Items from a data source:
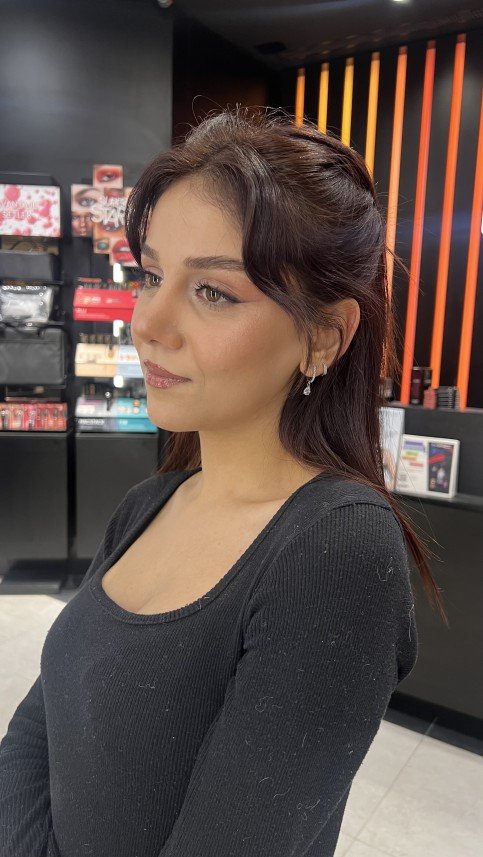 Göksu Yaşaroğlu Make Up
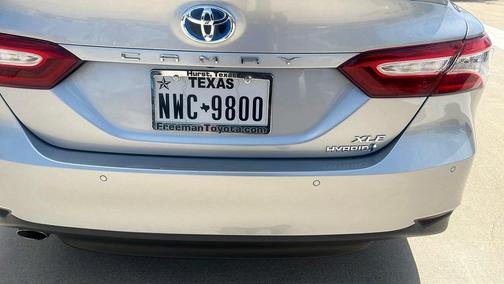 2020 Toyota Camry Hybrid XLE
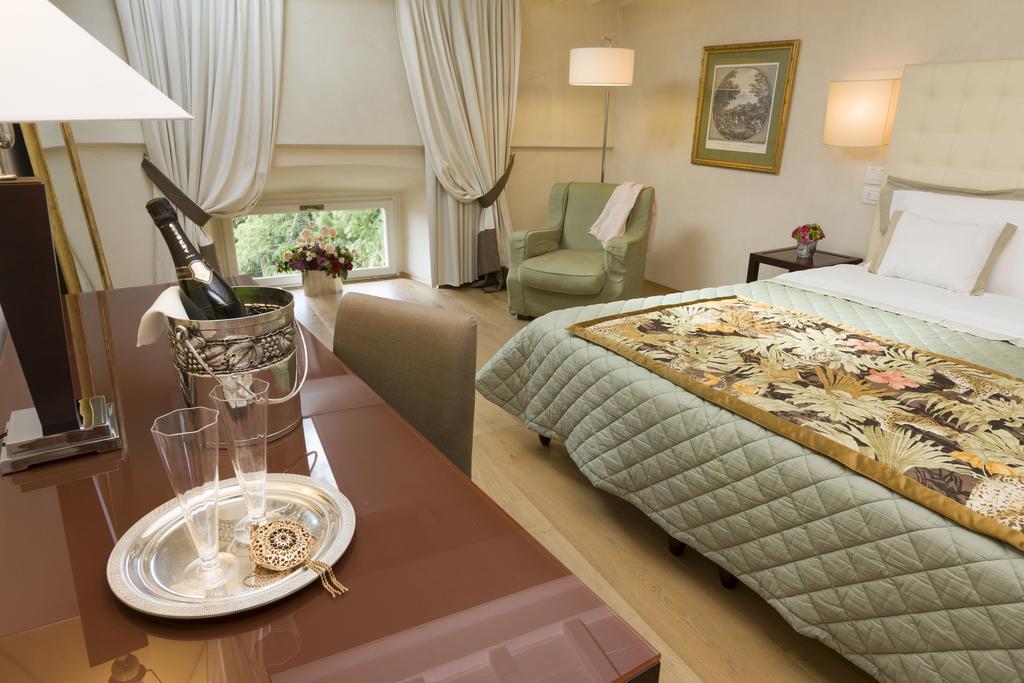 Residenza D'Epoca Home In Palace Florens Rum bild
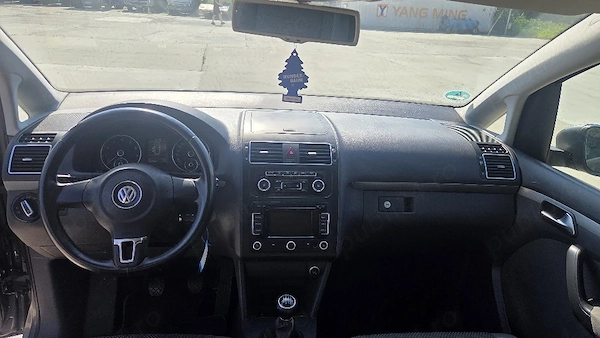 VOLKSWAGEN Touran 2012 — imagine 8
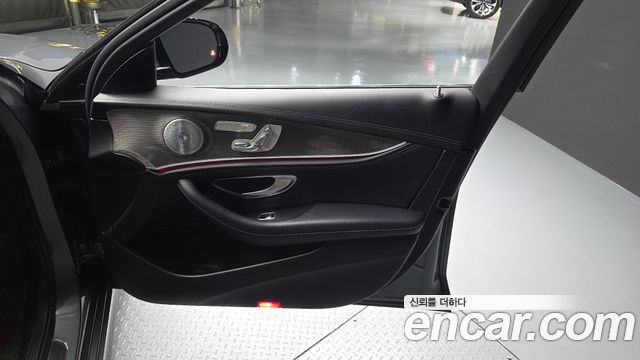Mercedes-Benz E-Class E350 4MATIC AMG Line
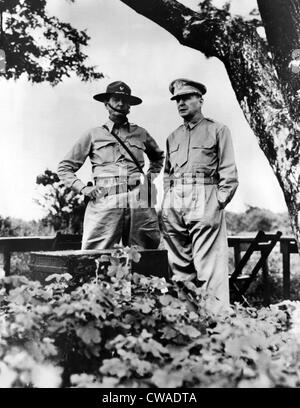 Major General Jonathan Wainwright, (1883-1953), General Douglas MacArthur, (1880-1964), auf eine militärische Funktion in der Stockfoto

**What the task asks:** Starting at the line that contains "VOLKSWAGEN Touran 2012 — imagine 8", reproduce each line exactly through the end of the entries above, leaving every picture out.

**Answer below:**
 VOLKSWAGEN Touran 2012 — imagine 8
Mercedes-Benz E-Class E350 4MATIC AMG Line
 Major General Jonathan Wainwright, (1883-1953), General Douglas MacArthur, (1880-1964), auf eine militärische Funktion in der Stockfoto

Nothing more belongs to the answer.